Selanjutnya, Anda diminta melempar dua bahan kayu berbentuk belahan biji mangga. Sekurangnya salah satu dari dua ”biji mangga” harus jatuh tengadah.

Dengan petunjuk aksara Tiongkok di bilah bambu yang jatuh di lantai tadi, seorang petugas kelenteng mengambil salah satu lembar resep tabib yang sudah tersedia di kotak-kotak kayu. Berbekal resep tabib beraksara Tiongkok, Anda akan diminta membeli ramuan obat kepada salah satu sinse (tabib).

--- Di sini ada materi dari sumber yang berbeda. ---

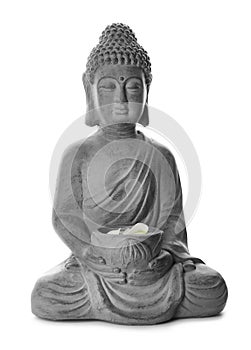 Beautiful stone Buddha sculpture with flower petals isolated on white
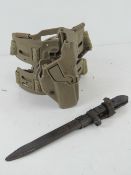 An AK47 bayonet with scabbard and a modern Glock/SIG tactical leg holster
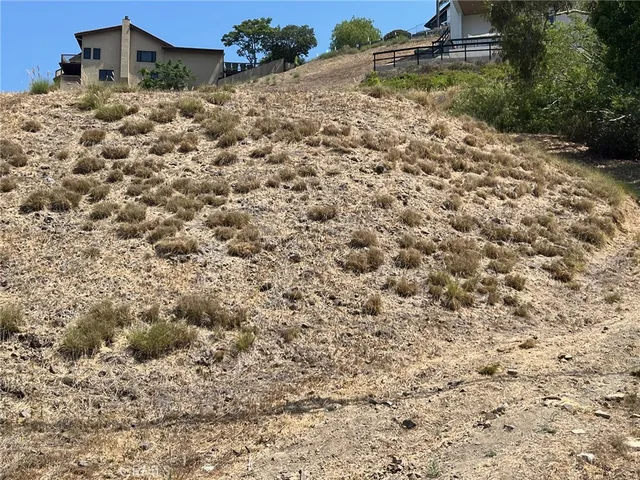 a view of a dry yard covered with snow in the background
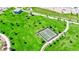 Aerial view of community tennis courts, set within a well-manicured park and green spaces for active residents at 393 Desert Cadence St, Henderson, NV 89011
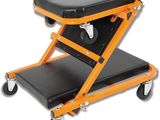an orange and black stool sitting on top of a black chair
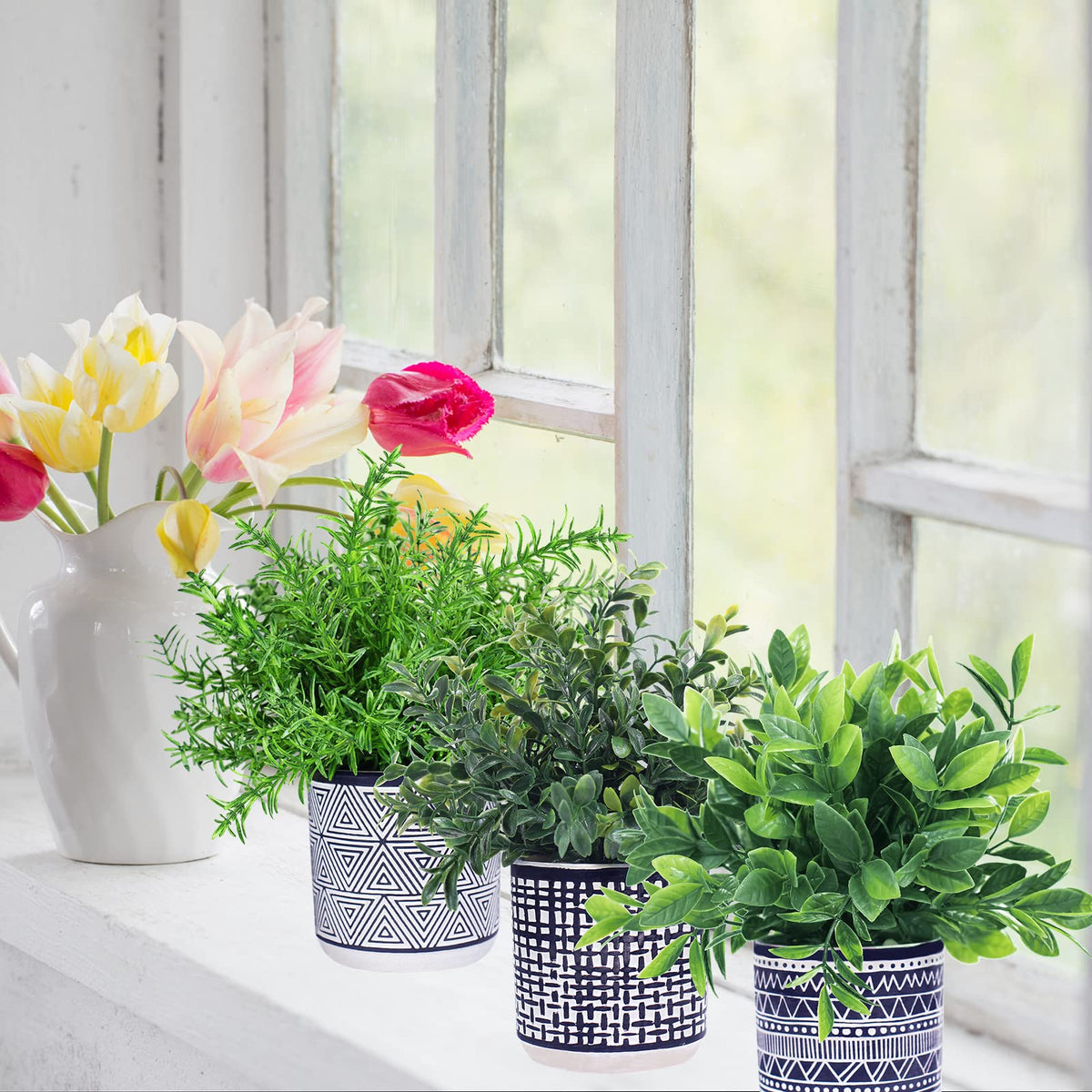 Winlyn Aztec-inspired pots frame lush greenery for stylish indoor display.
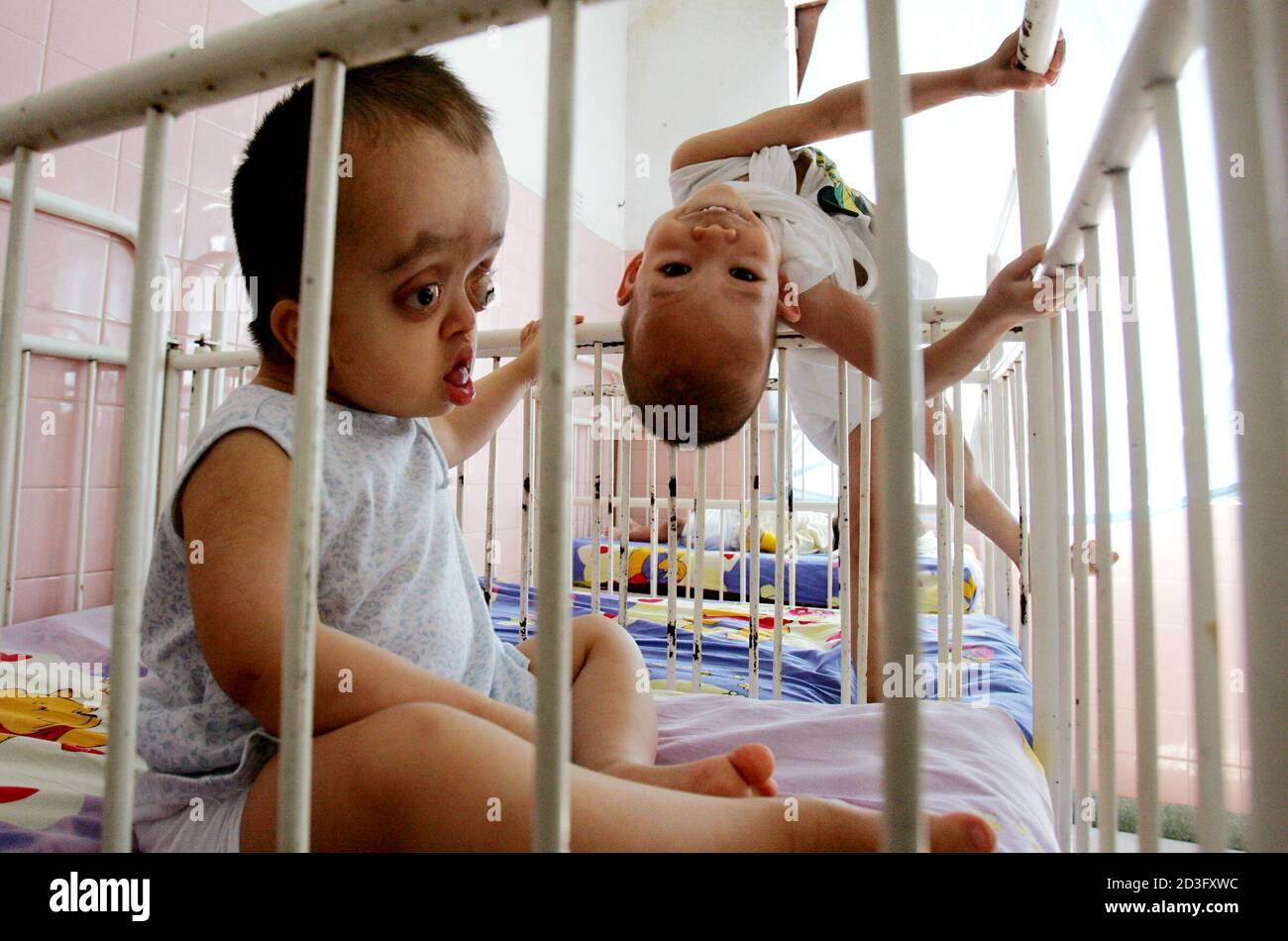 Young Vietnamese Disabled Victims Of Agent Orange Play In Their Cots In A Ho Chi Minh City Hospital February 25 05 On Monday A New York Court Will Begin Hearing A Lawsuit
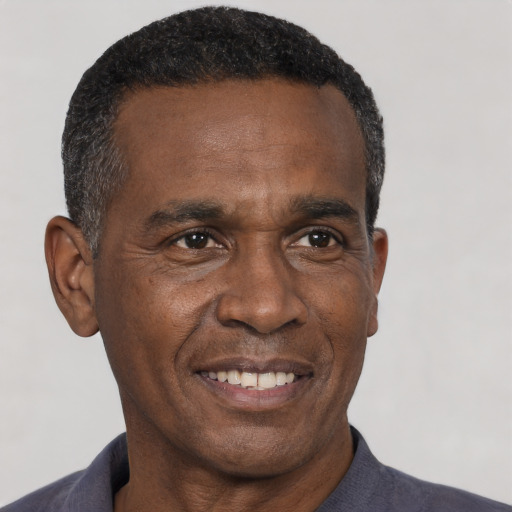 Joyful black adult male with short  black hair and brown eyes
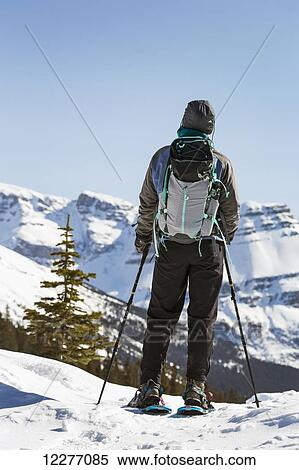 Stock Photography - Female snowshoer looking over snow covered mountain range and blue sky; Banff, Alberta, Canada. Fotosearch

Begitulah ritual pengobatan di Kelenteng Tjo Soe Kong di Kampung Tanjung Kait, Desa Tanjung Anom, Kecamatan Mauk, Kabupaten Tangerang, Banten. Nama lain kelenteng ini, Kelenteng Tanjung Kait atau Rong Jia Yi Da Bo Gong Miao.

Kompleks beribadah penganut Khonghucu ini terdiri dari empat bangunan. Bangunan induk terdiri dari empat ruang, ruang depan, tengah, belakang, dan vihara bagi penganut Buddha. Bangunan di sayap kiri dilengkapi altar untuk Dewa Bumi (Hok Tek Ceng Sin), diapit altar untuk Embah Rachman dan Empe Dato.

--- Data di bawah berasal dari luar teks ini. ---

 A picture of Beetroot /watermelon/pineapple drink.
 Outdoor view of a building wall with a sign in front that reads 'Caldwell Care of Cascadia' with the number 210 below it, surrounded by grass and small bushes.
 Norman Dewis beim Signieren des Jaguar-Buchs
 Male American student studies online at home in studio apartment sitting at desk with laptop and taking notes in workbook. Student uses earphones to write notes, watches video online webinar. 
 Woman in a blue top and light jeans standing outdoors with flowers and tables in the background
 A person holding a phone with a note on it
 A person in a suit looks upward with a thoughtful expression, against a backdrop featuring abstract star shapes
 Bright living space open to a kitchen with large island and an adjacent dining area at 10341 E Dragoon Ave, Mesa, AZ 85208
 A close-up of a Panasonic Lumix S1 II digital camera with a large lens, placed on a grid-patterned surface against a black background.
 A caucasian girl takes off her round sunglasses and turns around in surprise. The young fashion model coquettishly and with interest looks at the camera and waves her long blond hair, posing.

Di seberang bangunan induk, di sisi kanan, beberapa puluh meter dari sana tampak bangunan beraltar untuk Dewi Neng. Di bagian paling belakang bangunan induk adalah wihara Buddha dengan enam tiang utama berwarna merah. Wihara ini dipisahkan oleh halaman luas berumput yang sebagian tertutup rindang oleh pepohonan.

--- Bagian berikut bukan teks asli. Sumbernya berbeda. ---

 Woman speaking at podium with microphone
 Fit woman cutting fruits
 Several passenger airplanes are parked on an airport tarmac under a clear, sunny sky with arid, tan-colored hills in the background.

Satu buku saku terbitan pengelola kelenteng menyebutkan, Kelenteng Tjo Soe Kong dibangun akhir abad ke-17 oleh para imigran asal Kabupaten Anxi, Hokkian, Tiongkok Selatan. Andries Teisseire, seorang pelaut Barat menulis, tahun 1792 kelenteng ini sudah ada.

Sepasang patung batu singa yang berdiri di depan bangunan utama kelenteng, disumbang oleh Zhang De Hai (1832-1833), sementara tempat pembakaran kertas doa dan pengharapan (lian) di kanan bangunan utama dibangun 1873. Lian itu adalah sumbangan Huang Qingsong dari Tingzijiao (Pasar Gelap Batavia), sementara Lian yang berdiri di sebelah kiri disumbang Zheng Cheng An pada 1868.

Terkena tsunami

Pada 27 Agustus 1883, Gunung Krakatau meletus. Desa Tanjung Kait seperti halnya Desa Kramat dan Desa Ketapang, terlanda tsunami. Untuk mengenang peristiwa ini, muncul lagu gambang kromong berjudul, ”Keramat Karam”.

Sayang tak disebutkan, apakah kelenteng ini rusak saat peristiwa tersebut. Wirya Dharma (76), sesepuh sekaligus pembina kelenteng hanya tahu bahwa setelah revolusi tahun 1945 sebagian besar kelenteng hancur.

Saat Kompas mengelilingi kompleks kelenteng, Rabu (20/5/2015), tak tampak patung naga dan burung hong di atas atap. Demikian pula relief ujung ekor burung walet yang umumnya tampak di tepian atas atap tembok bangunan berarsitek Tionglok. Warna kelenteng pun tak melulu merah, kuning, hijau, tetapi menjadi merah, biru, hitam, dan kuning. Beberapa bagian bangunan tambahan dibuat tak seharmoni bangunan lama.

Wirya, generasi kelima warga Anxi, itu cuma tersenyum. Ia mengakui, saat direnovasi tahun 1959, pengelola tidak memanfaatkan jasa arkeolog, maupun arsitek cagar budaya. Kelenteng direnovasi oleh Lim Tiang Pah, anak Lim Tju Ban. Tju Ban adalah anak Lim Tjeng Houw yang selamat dari tsunami Krakatau karena berlindung di kelenteng.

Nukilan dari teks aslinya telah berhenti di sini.